Waarom is de welvaart in de wereld zo slecht verdeeld ?
Interne oorzaken:
- Natuurlijke oorzaken ( Ongunstig klimaat, bergachtig, onvruchtbaar )
- Menselijke oorzaken ( Slecht bestuur, oorlogen, corruptie )
Externe oorzaken:
Wat voor soort relatie heeft een ontwikkelingsland met de rijken landen
-> Centrum periferie model ( Wereldsysteem )
Ongelijke uitwisseling van:
- Goederen ( Grondstoffen uit de periferie en kapitaalgoederen uit het centrum )
- Arbeid ( Ongeschoolde arbeidsmigranten <-> hoogopgeleide technici )
- Kapitaal ( Investeringen, leningen en geldovermakingen van migranten uit het centrum en aflossing van schulden uit de periferie )
Belangrijk is dat de centrumlanden al vanaf de koloniale tijd de aard en intensiteit van de relatie bepalen.

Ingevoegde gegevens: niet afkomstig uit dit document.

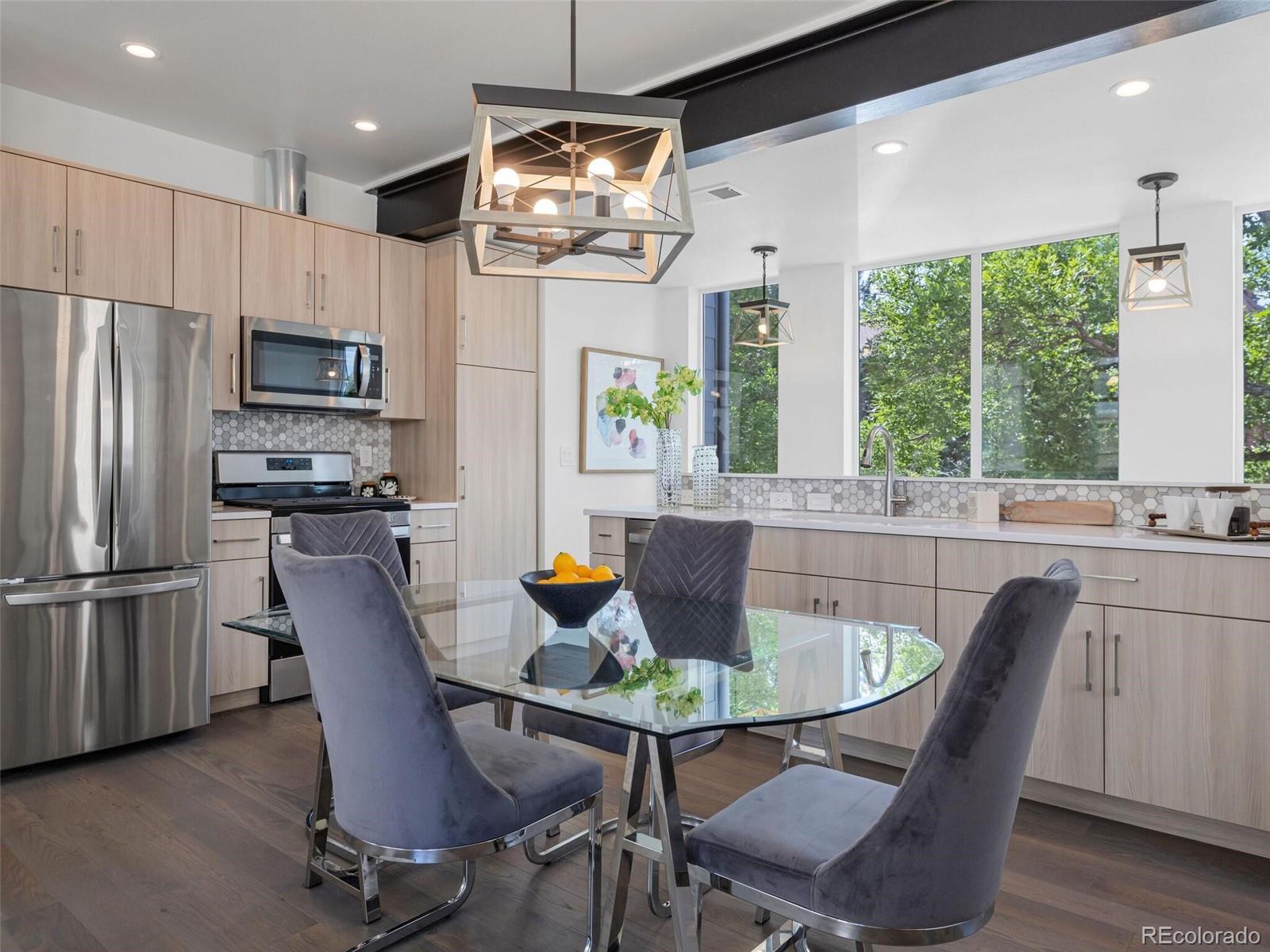 8711 E Hampden Avenue Unit: 19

Schaalniveau centrum-periferiemodel:
- Wereld
- Land
- Stad
Voordeel: Het ingewikkelde systeem word simpel weergegeven
Nadeel: De situatie word te eenvoudig weergegeven
Paragraaf 2
Verklaring bevolkingsverspreiding ( natuurlijke en sociaaleconomische factoren )

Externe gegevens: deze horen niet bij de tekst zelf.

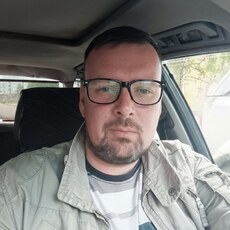 Фотография мужчины Сергей, 38 лет из г. Сыктывкар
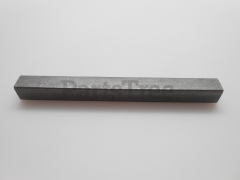 Exmark E807264 Machine Key, 1/4 X 1/4 X 2 5/8 - image 2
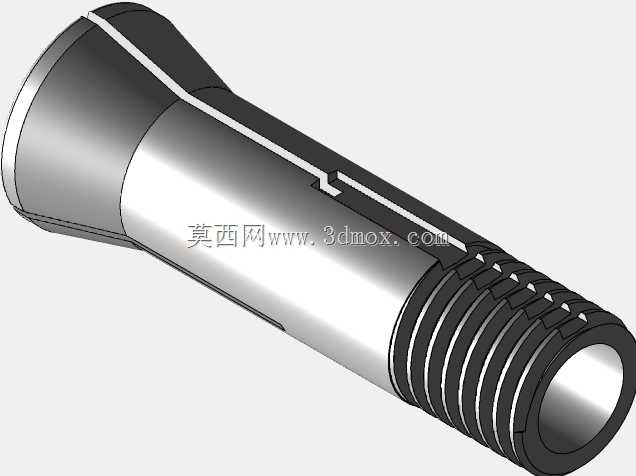 Schaublin Colletֱ����16����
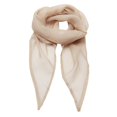 thumbnail image 1 of Premier Womens Chiffon Scarf, 1 of 3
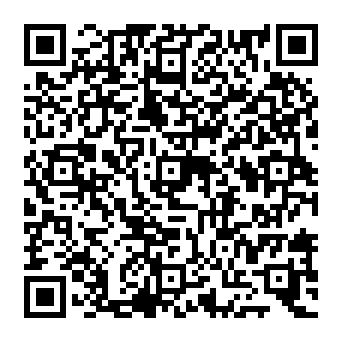 QR 1c36b31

- De natuurlijke omstandigheden ( Hoge bevolkingsdichtheid = Vruchtbare grond, gunstig klimaat, beschikbaarheid water en een niet te bergachtig gebied )
- De ligging
- Het koloniaal verleden ( Kunstzone )
De bevolkingsdichtheid van een gebied kan veranderen door zowel natuurlijke als sociale bevolkingsgroei.
Natuurlijke bevolkingsgroei: Als het verschil tussen het geboorte- en sterftecijfer positief is.
Absolute groei
Veel armen landen kennen no steeds een hoog geboortecijfer:
- Demografisch: Jonge leeftijdsopbouw
- Sociaal: Jongen vrouwen hebben laag opleidingsniveau
- Cultureel: Sommige culturen stimuleren het krijgen van veel kinderen
- Economisch: Als de welvaart toeneemt, daalt het geboortecijfer
Regel: Wanneer in een land het opleidingsniveau van meisjes stijgt, daalt de vruchtbaarheid.
Demografisch transitiemodel:
Landen met een hoge demografische druk:
- Japan: Meest vergrijsde land
- Kenia: Een van de ‘jongste’ landen van de wereld
Vestigingsoverschot: Wanneer er in een land meer mensen vestigen dan vertrekken
Migratie op verschillende schaalniveaus:
- Mondiaal: Is de migratie binnen het arme Zuiden het grootst, maar er is ook een forse migratie naar het rijke Noorden.
- Continentaal: De vluchtelingen in Afrika. In Europa is er een sterke economische migratie van Oost naar West
- Nationaal: Verstedelijking ( Platteland -> Steden )
Arbeidsmigranten vestigen zich soms definitief in hun nieuwe vaderland, soms tijdelijk.
In arme landen neemt de verstedelijking toe. In rijke landen is er eerder sprake van suburbanisatie.
Oorzaken hoog tempo urbanisatie in arme landen:
- De trek van het platteland naar de stad
- De groei van de grote steden, waarbij zij omringde plaatsen opslokken.
- Het hoge geboorteoverschot in steden
Factoren pushfactor:
- Politiek ( Onderdrukking )
- Sociaal ( Gezinsvorming / hereniging )
- Ecologisch ( Natuur / milieurampen )
De belangrijkste migratiefactor: Het verschil in welvaart en ontwikkelingsmogelijkheden tussen het vertrek- en vestigingsgebied.
Paragraaf 3
De cultuur van een groep herken je aan cultuurelementen:
- Elementen die te maken hebben met je verstand ( Taal, geloof )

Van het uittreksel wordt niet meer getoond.